We are targeting non-GAAP operating income to be $3.3 million to $3.9 million, which includes an expected sequential increase in our legal and professional fees of approximately $300,000 to $500,000 related to the previously mentioned patent lawsuit that we are pursuing. Our current expectation is that our fourth quarter legal expense run rate will continue into 2010, as we believe we have a strong case that is worth continuing. Assuming a 15% effective tax rate for reporting purposes and 22.9 million shares outstanding, we expect non-GAAP income per diluted share to be $0.13 to $0.15.

In summary, we are encouraged by the continued stability in our financial results, while solid growth in deferred revenue, and numerous high-profile customer wins support our growing long-term optimism. When the unemployment rate stabilizes and improves, and HR organizations increase their spending on technology investments and related services, we believe that Kenexa will be a primary beneficiary.

We'd now like to turn it over to the Operator to begin the Q&A session.

Question-and-Answer Session

Operator

(Operator Instructions). Our first question comes from the line of Mark Murphy with Piper Jaffray.

Brian Schwartz - Piper Jaffary

This is Brian Schwartz for Mark Murphy. Don, wanted to dive in your comments, you sound like there is stabilization improvement. I wanted to see if you could comment on the trends of purchase orders that you're seeing from the staffing companies and the consulting companies.
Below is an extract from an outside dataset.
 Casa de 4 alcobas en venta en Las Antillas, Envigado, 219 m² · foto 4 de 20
Are you seeing any improvement or any interest to increase purchases from that customer base?

Don Volk

None that can point to a trend.

Brian Schwartz - Piper Jaffary

Okay. It looks like the International segment of the business picked up here as a percentage. Wonder if you could comment where the strength was coming from, what type of regions?

Rudy Karsan

The strength is coming primarily from Europe, which makes up 85% to 90% of our international revenues with a little bit of business in the rest of the world. I would say the rest of the world makes up less than $1 million, less than 2% of our revenue base.
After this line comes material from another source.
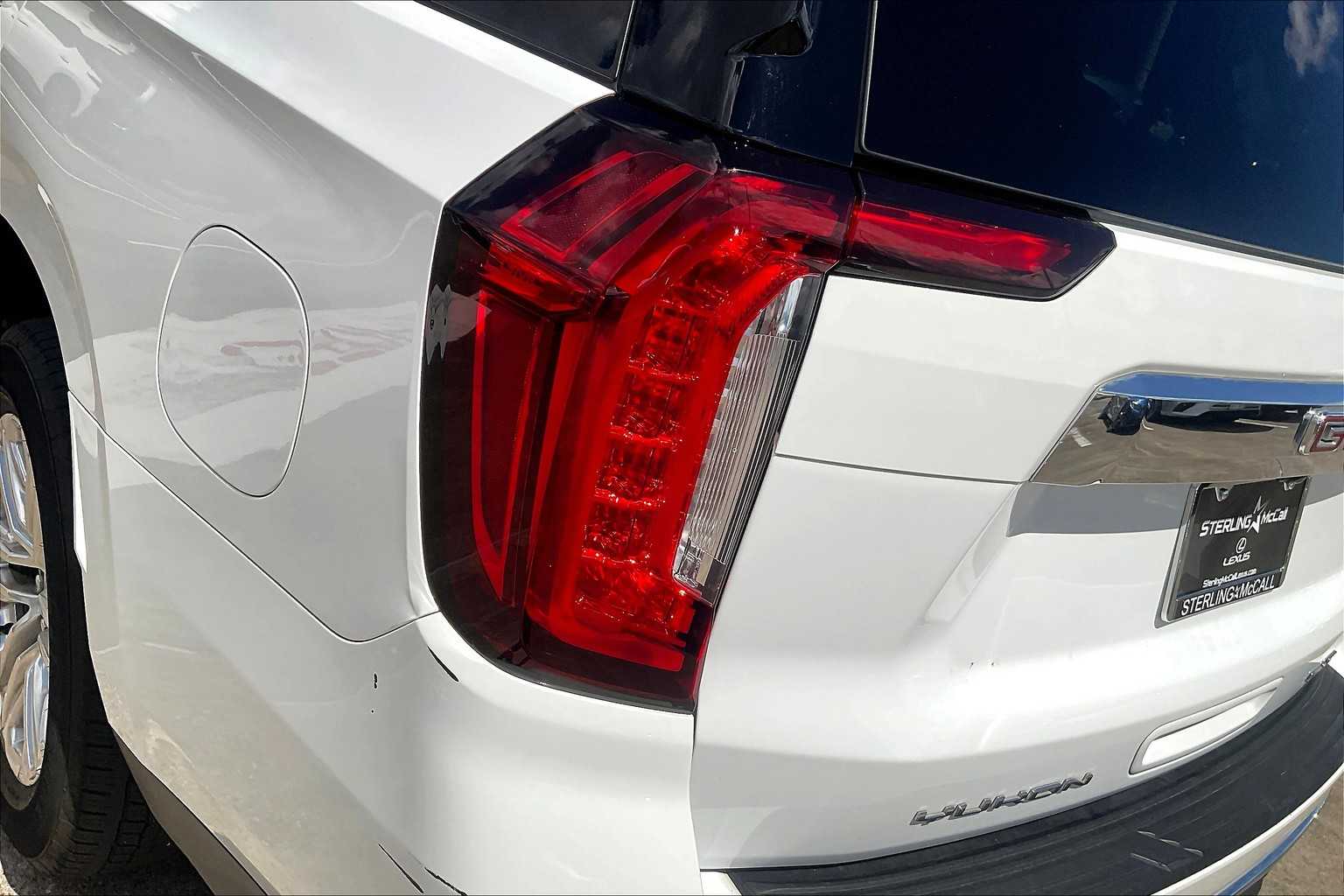 2022 Gmc Yukon SLT photo 24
Brian Schwartz - Piper Jaffary

Great. Don I wanted also just touch in on the gross margins here. We've had a couple of quarters now of improvement. Do you think that that has pretty much bottomed here a couple of quarters ago and there's still some leverage on that line here, as we move into [2010]?

Don Volk

Well, one of the reasons that our gross margin improved in the third quarter was because we reached more than minimums on some of our RPO contracts. Those reward fees have high gross margins. So that contributed to most of the improvement to 67.

Brian Schwartz - Piper Jaffary

Okay. Then last question for me here. The patent case that's going on here and the additional legal expense here, Rudy, can you give us any more color possibly on the time length that you think that this may go ongoing? Possibly why you think that you have a strong case here? That's all I have. Thanks.

Rudy Karsan

When you're looking at legal matters, the timeline is we just really don't know. It can take a quarter; it can take four quarters; it can take two quarters; we just don't know. As far as the level of conviction that we have, I guess the level of conviction is given by the fact that we're willing to invest the dollars. Then we basically have a policy in terms of, we don't really comment on the validity of the case while it's ongoing. Just so from an internal perspective we don't kind of discuss any legal issues.
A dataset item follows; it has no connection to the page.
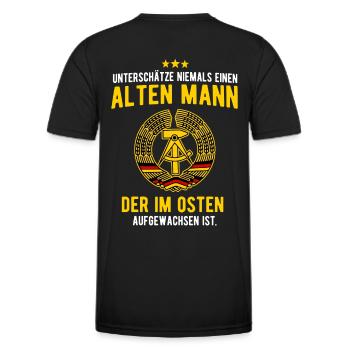 UNTERSCHÄTZE NIEMALS EINEN ALTEN MANN - OSTEN DDR - Männer Funktions-T-Shirt - Schwarz - Hinten - AI Model Male 178 dark (178cm)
Brian Schwartz - Piper Jaffary

Great. That's all I have. Thank you for taking my questions.

Operator

(Operator Instructions). Our next question is from the line of Peter Goldmacher with Cowen and Company.

Joe Del Callar - Cowen and Company

This is Joe Del Callar for Peter Goldmacher. So I was just wondering if you could like provide any additional color as to the sequential guide down in revenues. I also had another question on if you could give us, like, some more color on sort of what people are interested in, like sort of add-on applications and services when you're sort of as you go forward, now that all of the HR market has potentially been turning towards outsourced HR.

Don Volk

So Joe, on the guidance question, we've been consistent in our messaging that we expect the company to face headwinds as long as the unemployment rate is increasing. So even though there are signs that make us more bullish on the longer-term outlook, we believe that that's the case. Our subscription revenue is stable. Our renewal rates have been stable to improving. Our deferred revenue grew solidly on a year-over-year and a quarterly based and a quarter-over-quarter basis.

Troy Kanter

From a product category, where we're seeing demand and requests are. We announced this quarter what 20-plus preferred partner deals; over 50% of them were multi-element deals with the really large global complex deals, almost all of them were multi-element deals. You look at the applicant tracking or Kenexa BrassRing package being the lead platform on the hiring side, you'll see onboarding, analytics, assessments continually bundled into that. Same on the performance management side; if you think about as sort of a platform product, you'll see a lot of the analytics added on there.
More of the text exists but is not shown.